- _Records from a dataset_
-------------------------
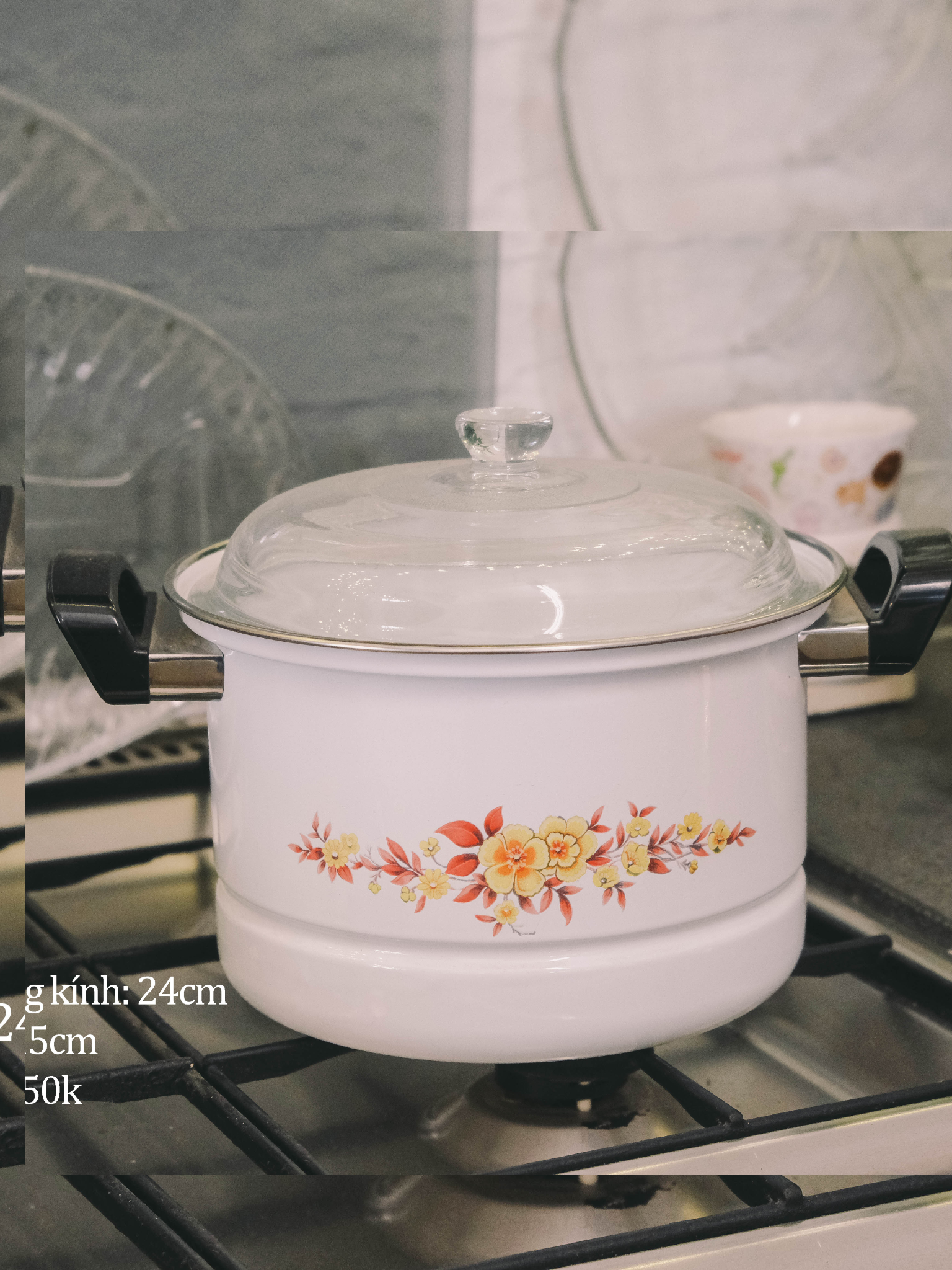 Nồi hoa vàng đỏ (nắp thủy tinh)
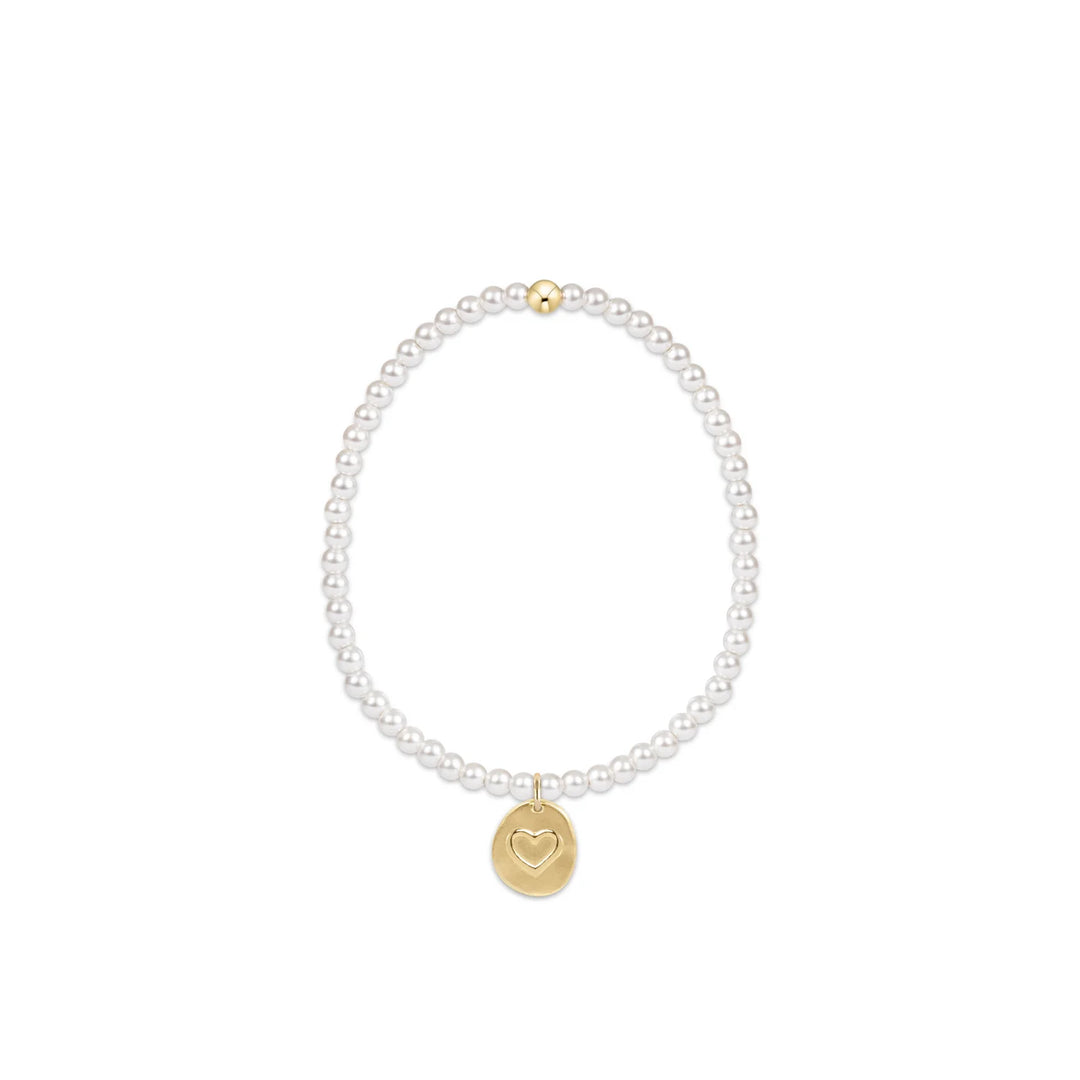Enewton: Classic Pearl 3mm Bead Bracelet - Inspire Love Small Gold Charm - The Vogue Boutique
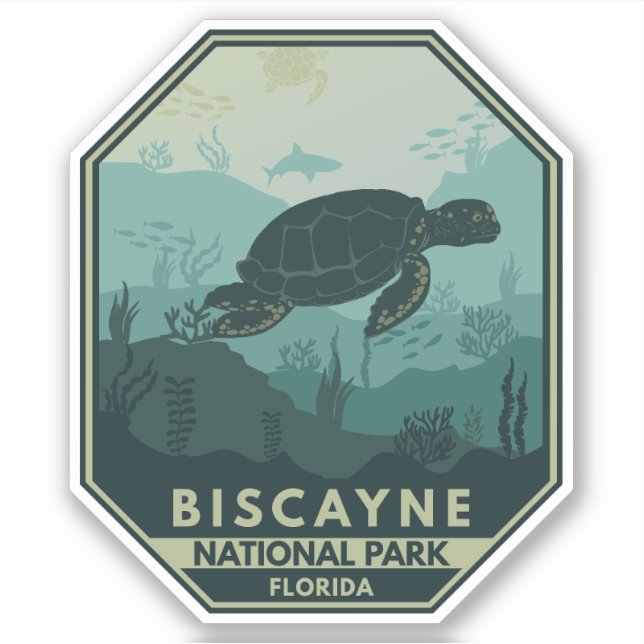 Pegatina Parque nacional Biscayne Turtle Retro Emblem (Anverso)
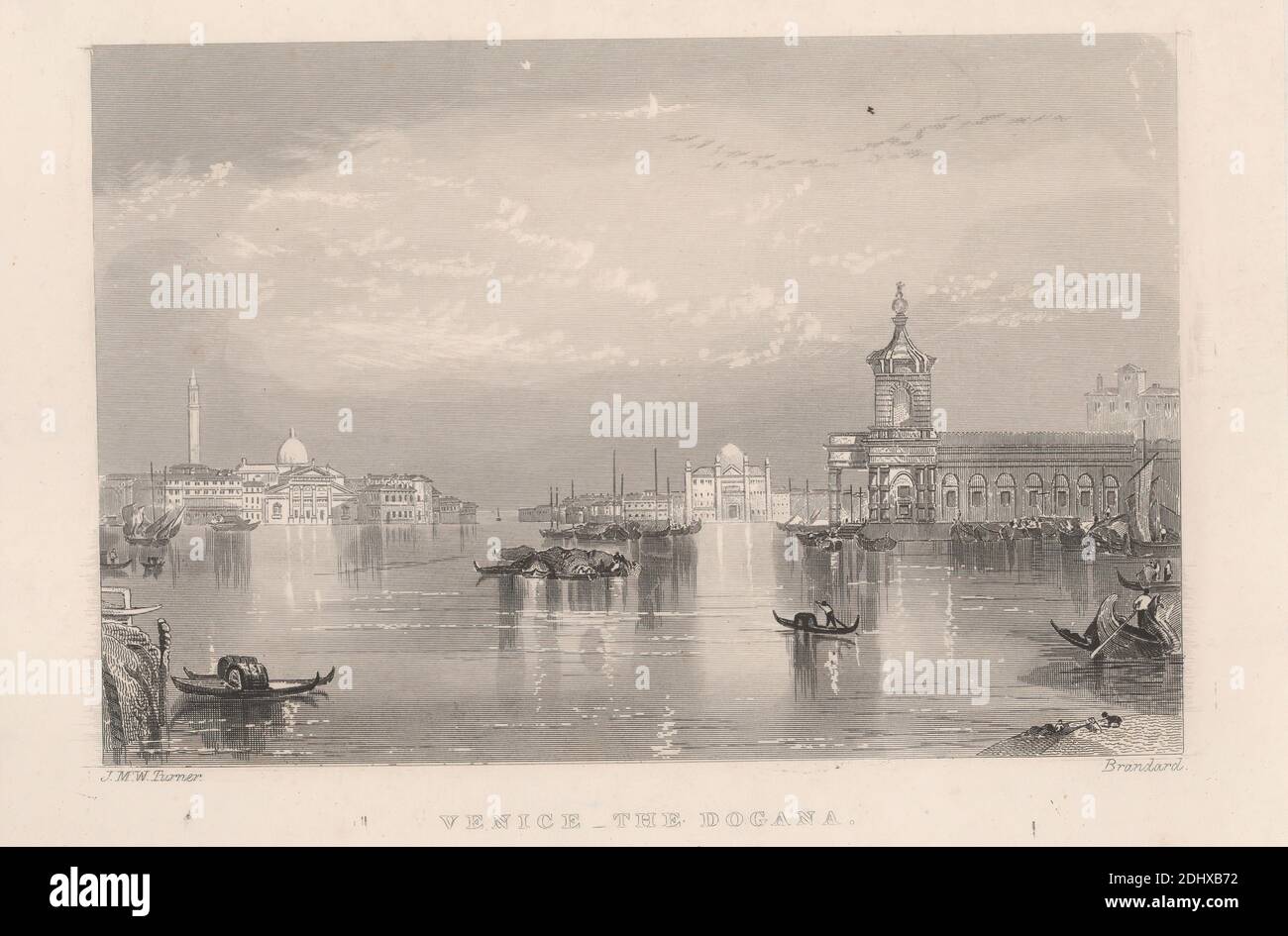 Venise - The Dogana, imprimé par un artiste inconnu, XIXe siècle, anciennement attribué à Robert Brandard, 1805–1862, Britannique, après l'impression de James T. Willmore, 1800–1863, Britannique, après Joseph Malbord William Turner, 1775–1851, Britannique, non daté, gravure en ligne Banque D'Images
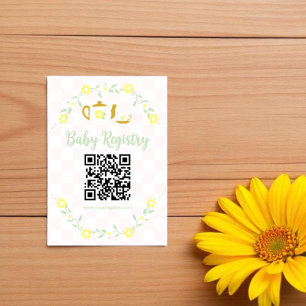 Teeparty-Blumen-Baby-Shower-Geschenkliste Begleitkarte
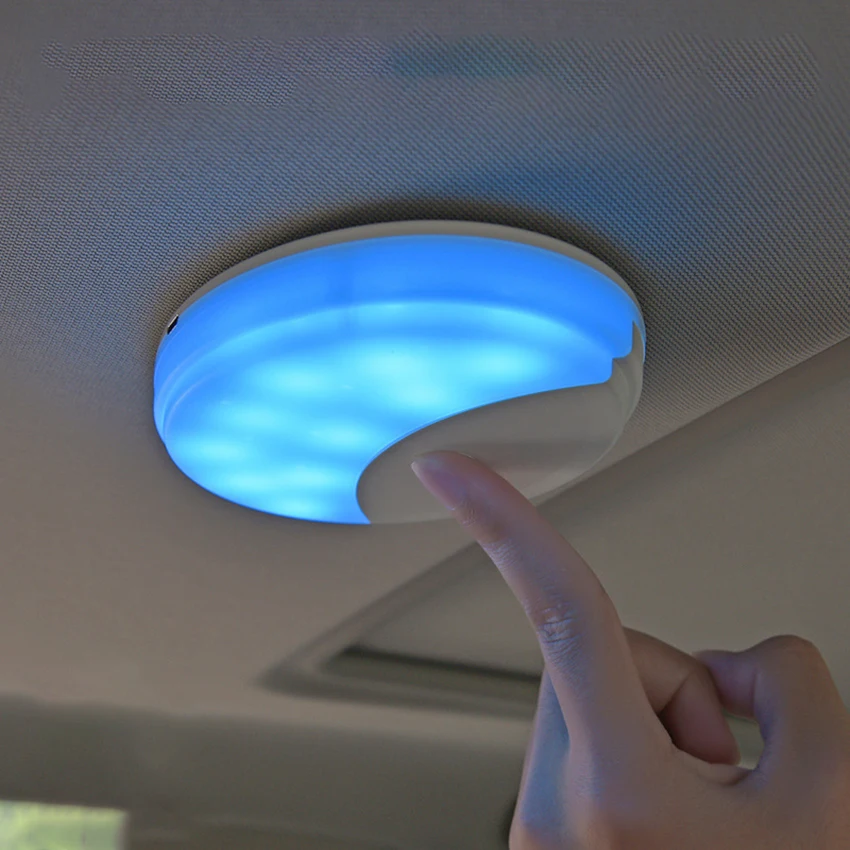 Cordless LED Night Light, Stick- On Wall Light, Car Interior Ceiling LED Panel Light with Switch, for Stairs, Hallway, Bathroom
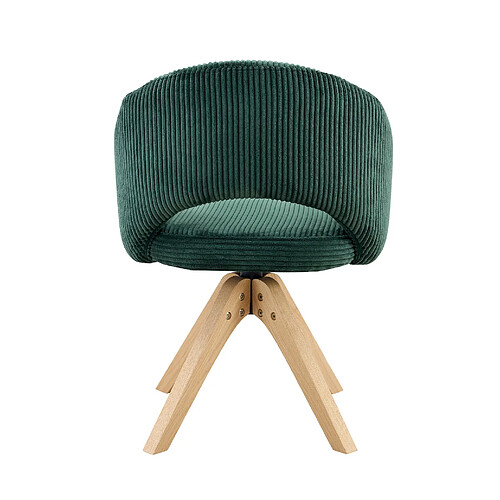 STILVORA Lot de 2 chaises pivotantes 49/84 cm vert foncé en velours avec pieds en bois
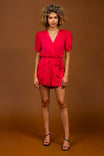 Ruched Short Sleeve V Neck Romper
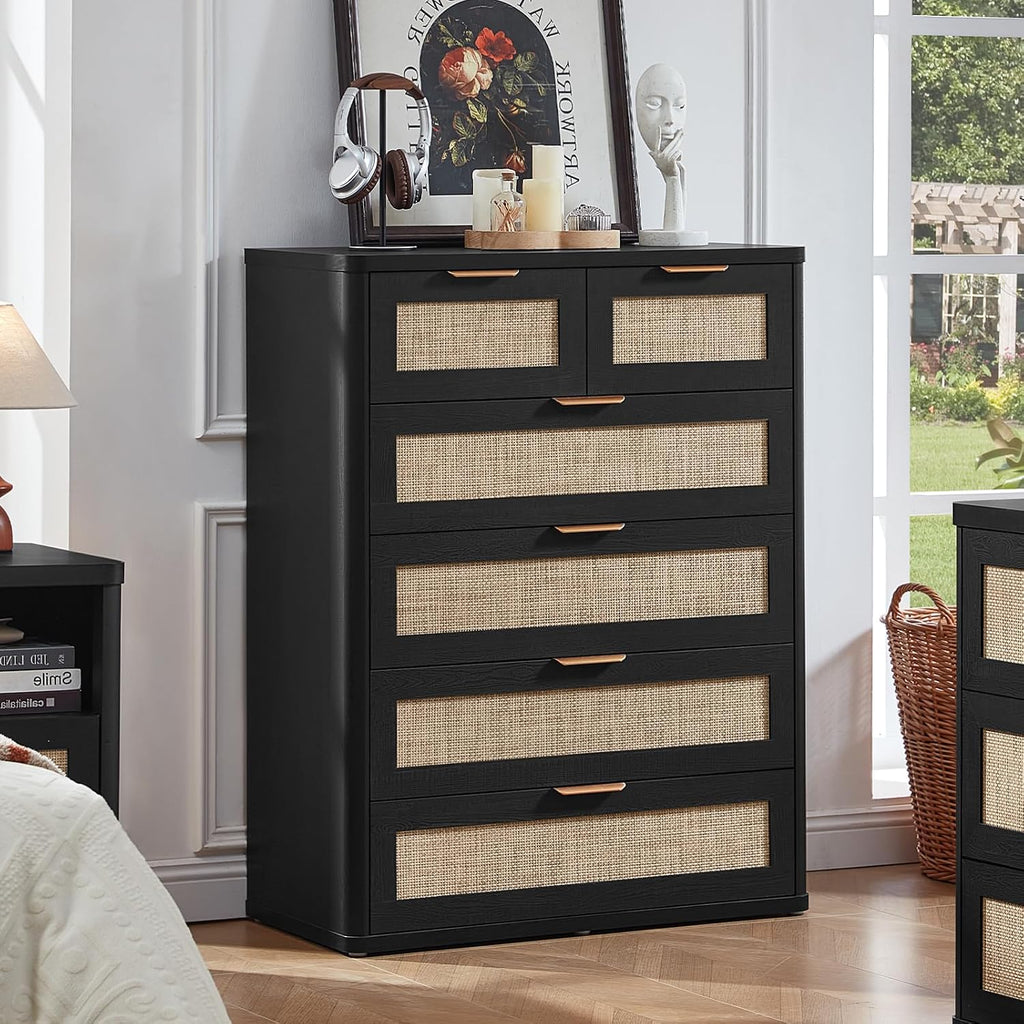 LEYAOYAO Rattan Dresser for Bedroom Set of 2, 42' Tall Chest of Drawers, Modern 6 Drawers Boho Dressers with Storage, Light Oak Dresser Wooden Closet Organizer for Living Room, Hallway, Black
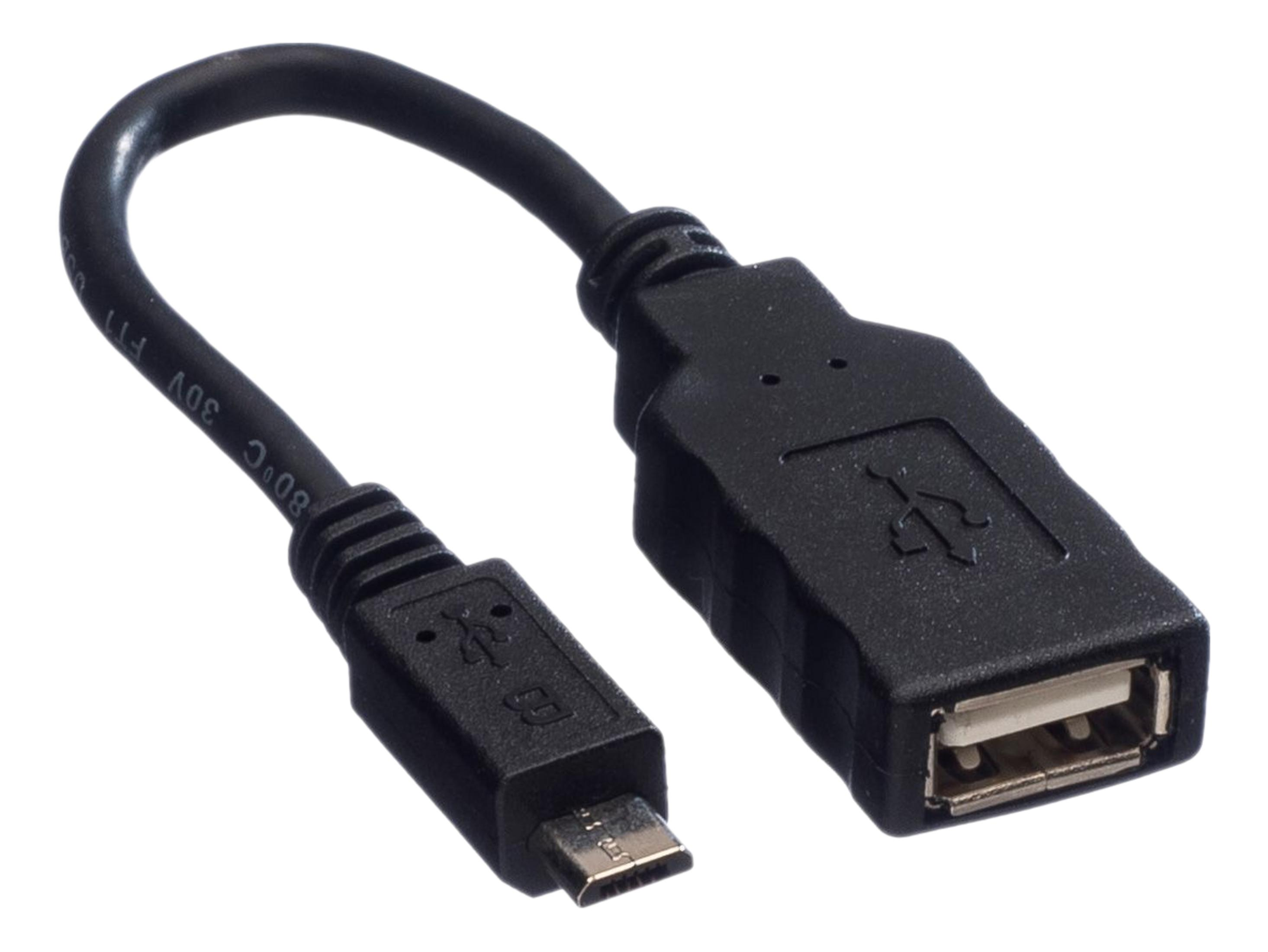 Een zwarte USB OTG-adapterkabel met micro-USB mannelijke connector en USB A vrouwelijke poort.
-------------------------
- _YOUR TASK_
Copy exactly the lines from the line containing "STILVORA Lot de" through the last line of the records, both included, and omit every picture.

- _PROBLEM SOLUTION_
 STILVORA Lot de 2 chaises pivotantes 49/84 cm vert foncé en velours avec pieds en bois
 Ruched Short Sleeve V Neck Romper
 LEYAOYAO Rattan Dresser for Bedroom Set of 2, 42' Tall Chest of Drawers, Modern 6 Drawers Boho Dressers with Storage, Light Oak Dresser Wooden Closet Organizer for Living Room, Hallway, Black
 Een zwarte USB OTG-adapterkabel met micro-USB mannelijke connector en USB A vrouwelijke poort.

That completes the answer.